* **YOUR ASSIGNMENT**:
Please restate every line below exactly, without any pictures.

* **DATA EXCERPT**:
————————

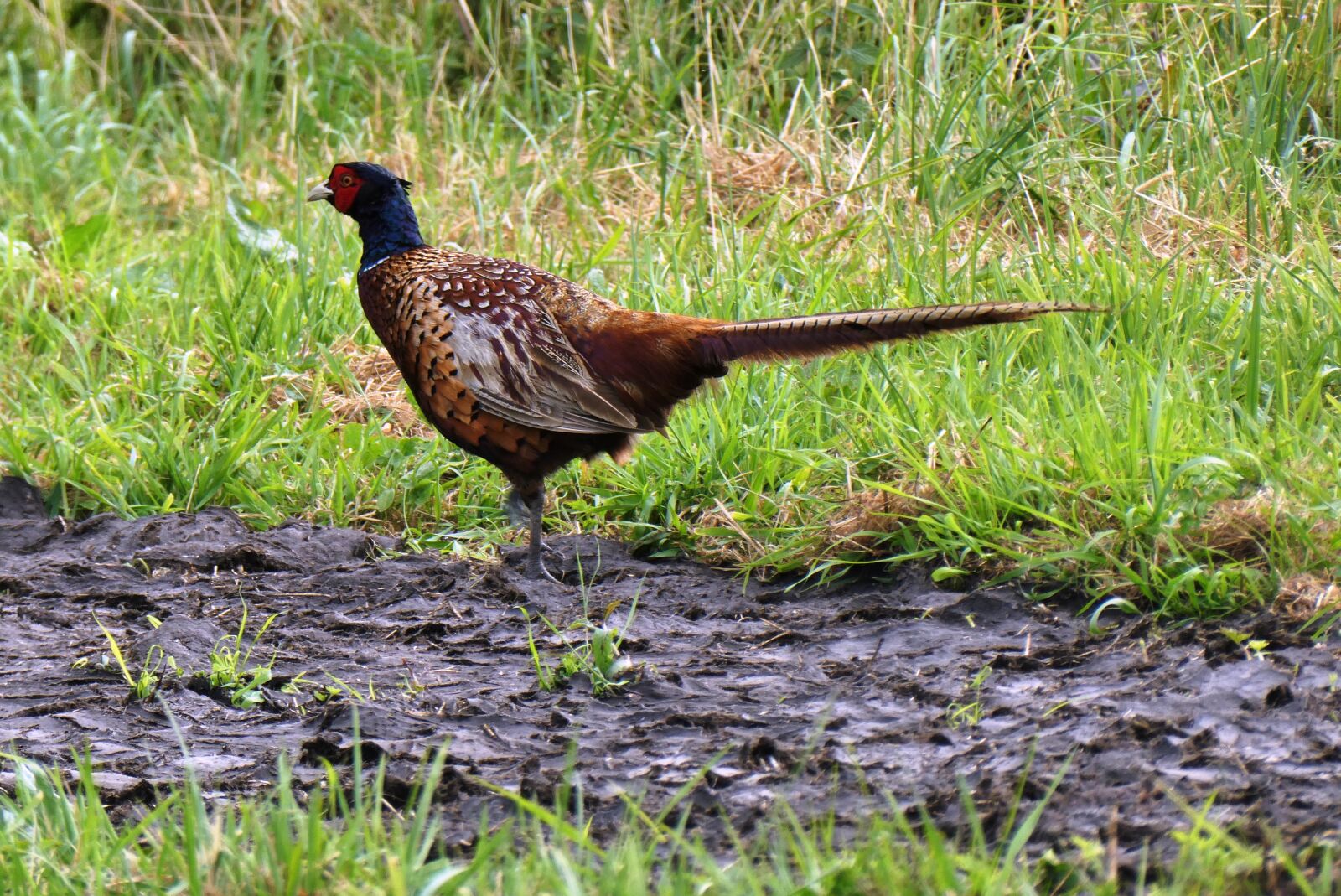 Panasonic Lumix DC-ZS70 (Lumix DC-TZ90) sample photo. Pheasant, polder, grass photography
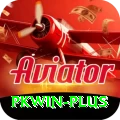 pkwin Master Pro v3.1.8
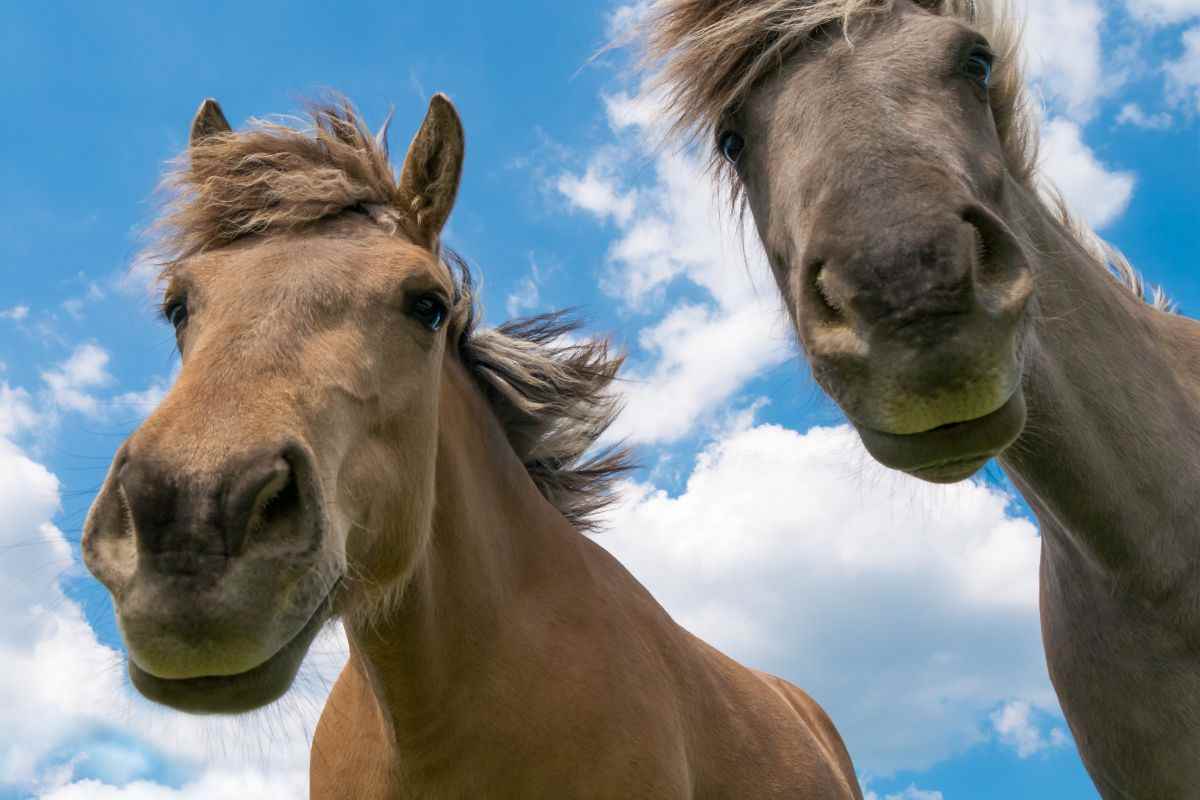 cavalli visti dal basso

————————

* **RESULT OF THIS TASK**:
 Panasonic Lumix DC-ZS70 (Lumix DC-TZ90) sample photo. Pheasant, polder, grass photography
 pkwin Master Pro v3.1.8
 cavalli visti dal basso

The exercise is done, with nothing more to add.